Task goal ▸ Note how many lines in the entries contain the string "Black", then give that number and nothing else.

Provided material ▸
______________________________

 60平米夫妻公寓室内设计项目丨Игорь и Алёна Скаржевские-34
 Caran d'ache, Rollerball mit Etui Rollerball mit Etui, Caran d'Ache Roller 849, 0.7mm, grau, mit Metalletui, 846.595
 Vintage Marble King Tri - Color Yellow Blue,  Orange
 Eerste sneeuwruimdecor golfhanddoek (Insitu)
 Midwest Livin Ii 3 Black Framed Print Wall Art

______________________________

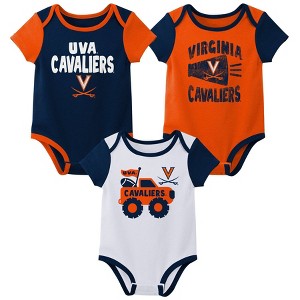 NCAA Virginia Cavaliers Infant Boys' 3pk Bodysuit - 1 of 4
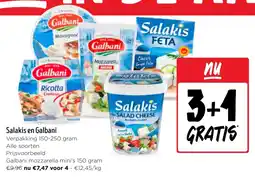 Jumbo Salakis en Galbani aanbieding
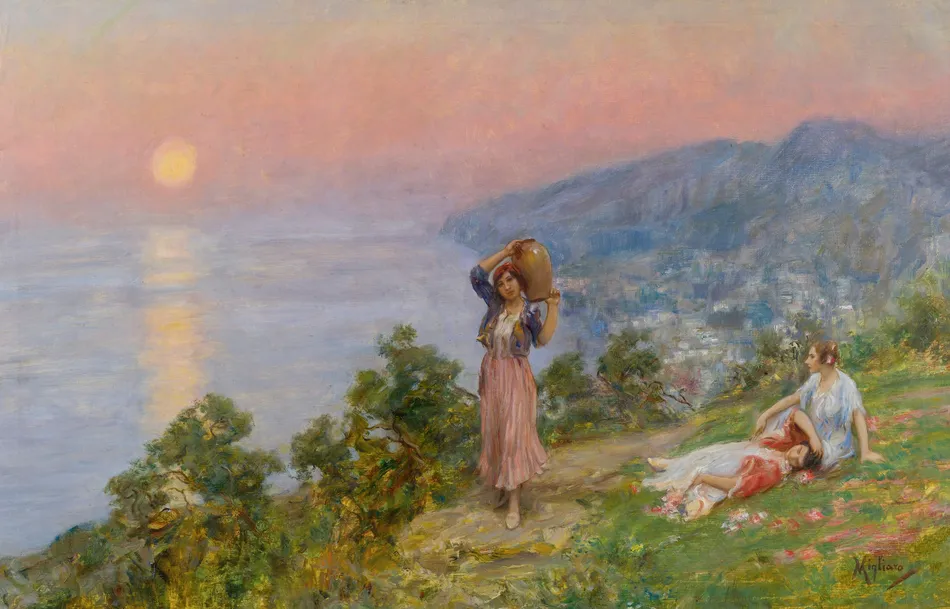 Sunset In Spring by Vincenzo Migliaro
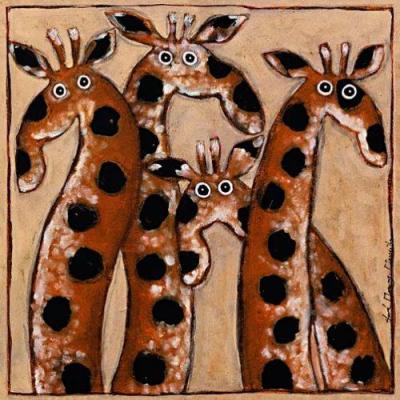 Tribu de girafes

______________________________

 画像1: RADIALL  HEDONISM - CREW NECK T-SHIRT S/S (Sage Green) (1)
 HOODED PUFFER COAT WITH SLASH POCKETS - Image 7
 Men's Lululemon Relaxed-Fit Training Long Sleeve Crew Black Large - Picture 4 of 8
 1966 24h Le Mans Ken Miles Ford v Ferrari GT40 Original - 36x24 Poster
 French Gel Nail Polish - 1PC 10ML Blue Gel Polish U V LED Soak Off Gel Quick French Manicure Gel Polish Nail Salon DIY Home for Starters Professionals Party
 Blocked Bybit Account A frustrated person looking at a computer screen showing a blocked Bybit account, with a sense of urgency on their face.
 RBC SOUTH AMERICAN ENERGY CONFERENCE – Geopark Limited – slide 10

______________________________

Task solution ▸ 2